(MATERIAL FOR THIS TASK begins)

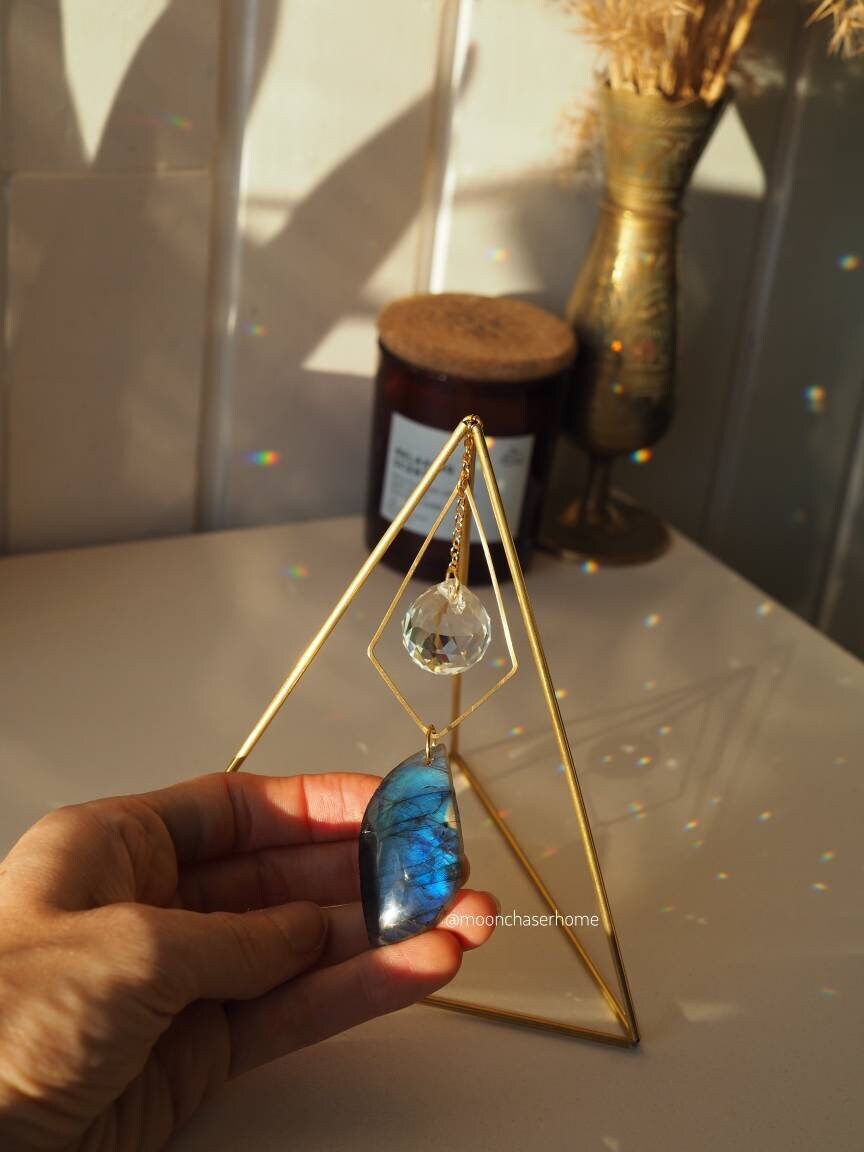 Pyramid Prism Crystal Sun Catcher – Tabletop Light Diffuser Decor ...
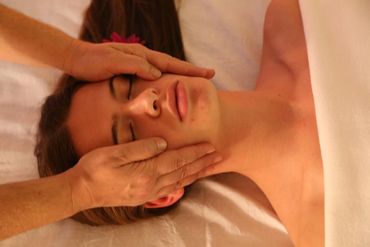 Massage and Facial Treatments in Zurich with Maryam. COPYRIGHT © DEEP TOUCH - ALL RIGHTS RESERVED. 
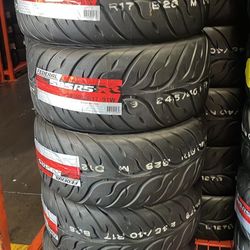 245 40 17 Set Of Tires 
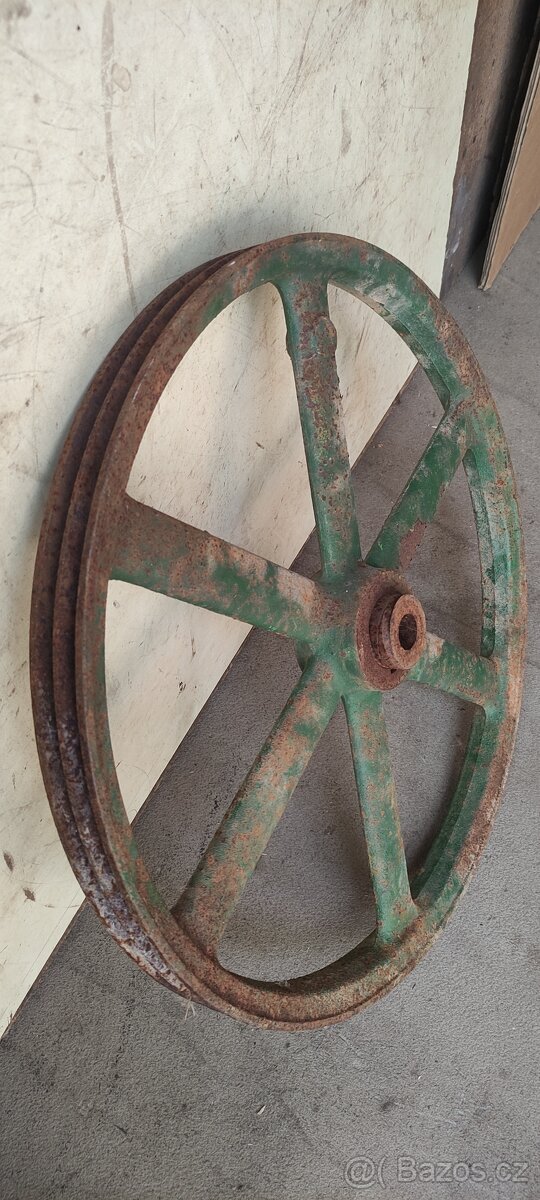 řemenice na klínové řemeny - 17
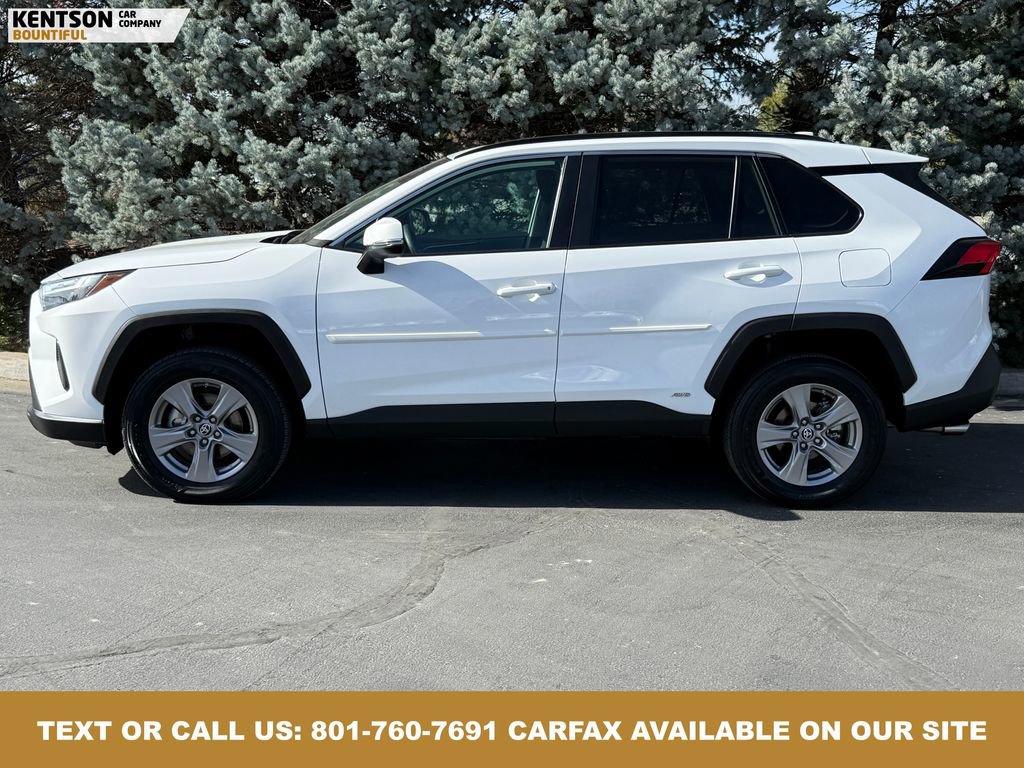 Used 2024 Toyota RAV4 LE image 4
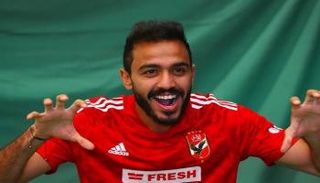 محمود عبدالمنعم كهربا لاعب الأهلي المصري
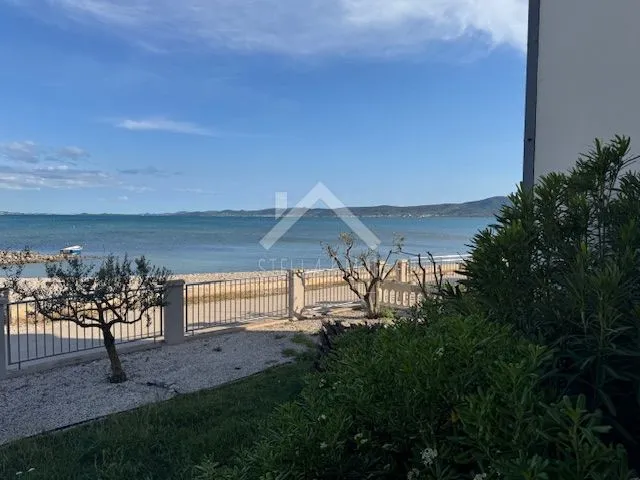 TOP LOKACIJA!! Apartman prvi red do mora - Sukošan  - cover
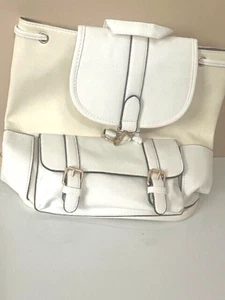 Women Leather WHITE BackPack Australia leather X LARGE - NEW - Picture 1 of 4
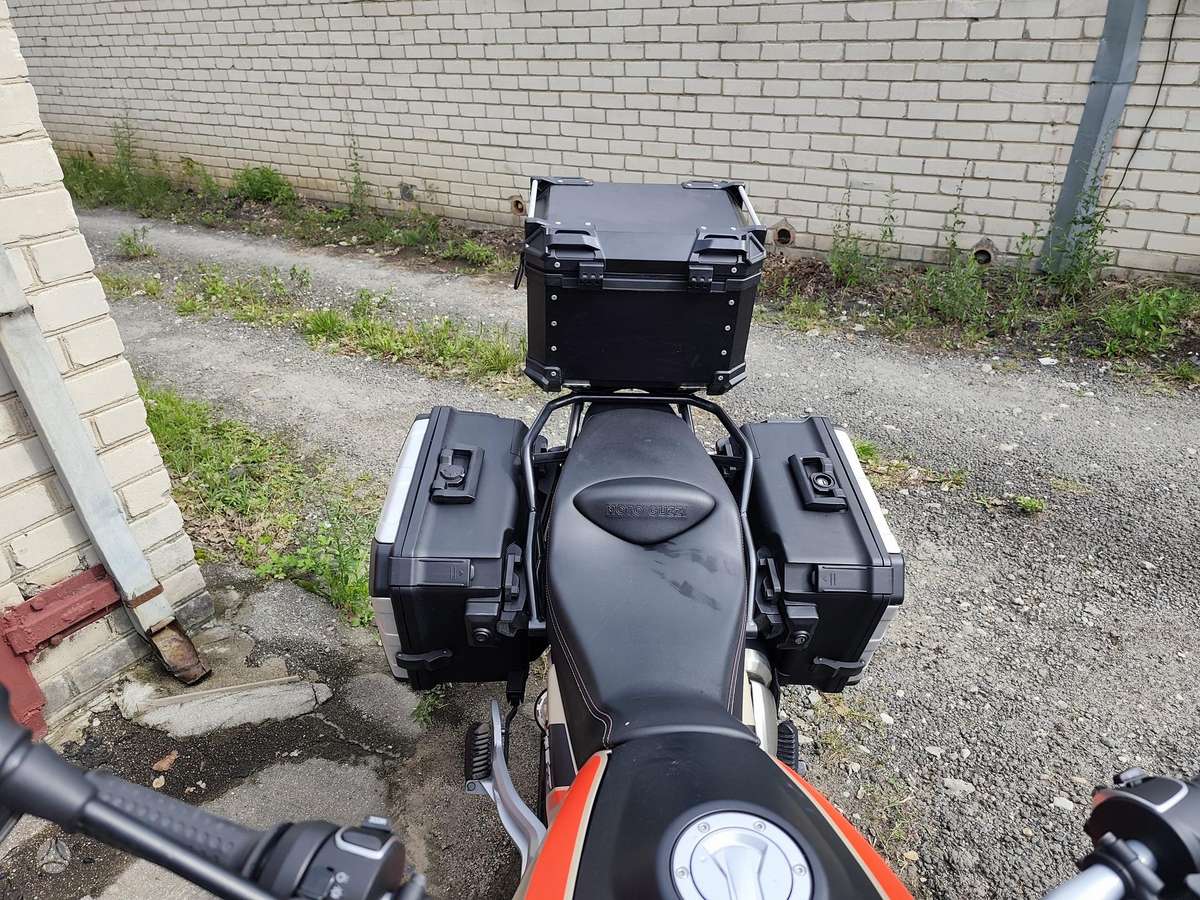 Moto Guzzi V85 TT  853cc, enduro / adventure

(MATERIAL FOR THIS TASK ends)

- TASK TO COMPLETE -
Would you retype the entries above in full, exactly as written, minus the pictures?

- RESPONSE AREA -
 Pyramid Prism Crystal Sun Catcher – Tabletop Light Diffuser Decor ...
 Massage and Facial Treatments in Zurich with Maryam. COPYRIGHT © DEEP TOUCH - ALL RIGHTS RESERVED. 
 245 40 17 Set Of Tires 
 řemenice na klínové řemeny - 17
 Used 2024 Toyota RAV4 LE image 4
 محمود عبدالمنعم كهربا لاعب الأهلي المصري
 TOP LOKACIJA!! Apartman prvi red do mora - Sukošan  - cover
 Women Leather WHITE BackPack Australia leather X LARGE - NEW - Picture 1 of 4
 Moto Guzzi V85 TT  853cc, enduro / adventure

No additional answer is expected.